== PROMPT ==
Retype the lines below exactly, from the one that contains "科曼带领球队迎战巴黎圣日耳曼英超关键战全程表现深度回顾" through the last, and leave every picture out.

== AVAILABLE DATA ==
>>
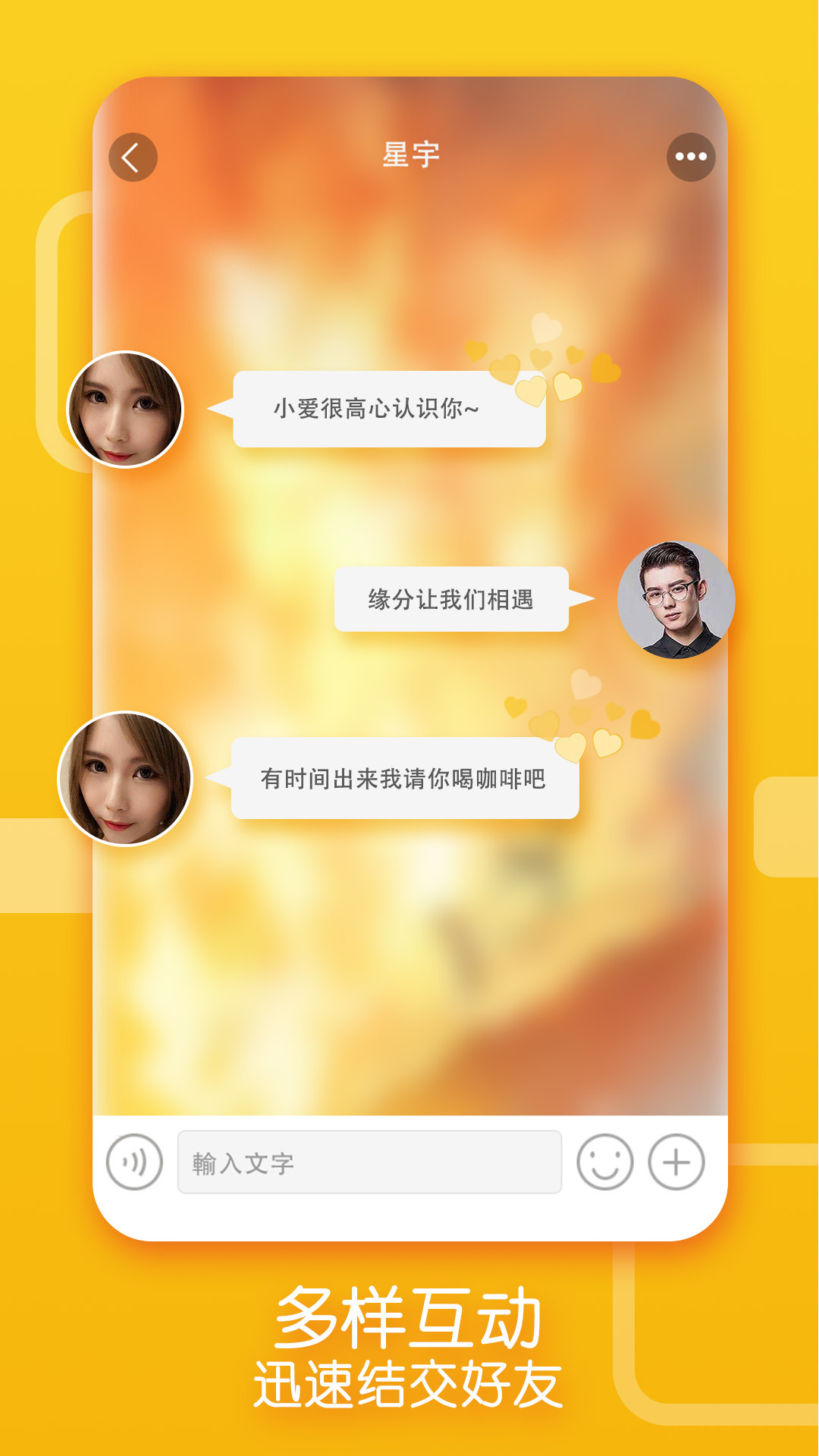 约会网络用语_约会网站_约会网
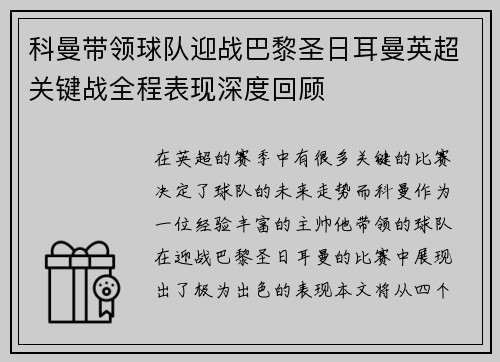 科曼带领球队迎战巴黎圣日耳曼英超关键战全程表现深度回顾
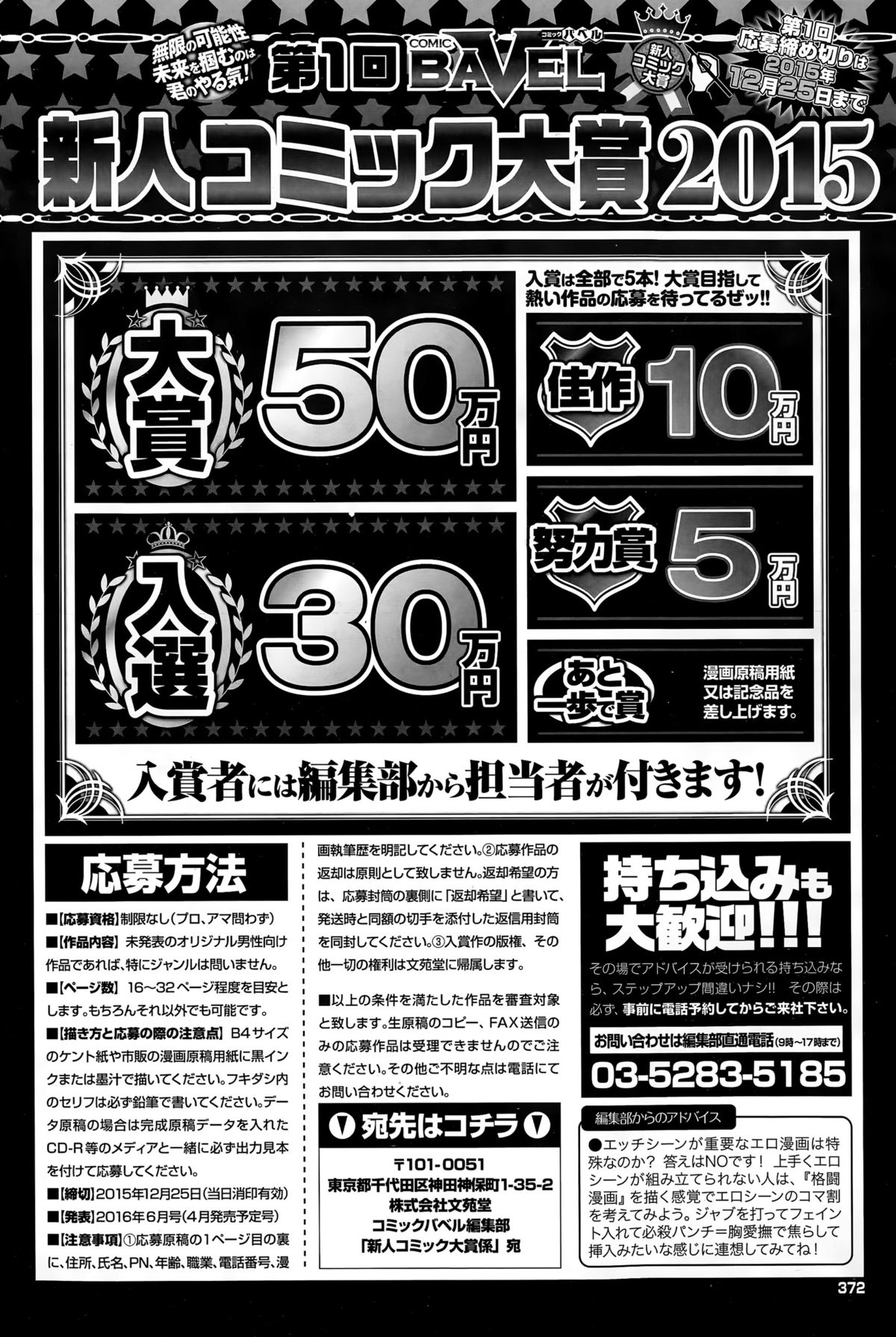 COMIC BAVEL 2015年12月号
<<
== ANSWER SECTION ==
 科曼带领球队迎战巴黎圣日耳曼英超关键战全程表现深度回顾
 COMIC BAVEL 2015年12月号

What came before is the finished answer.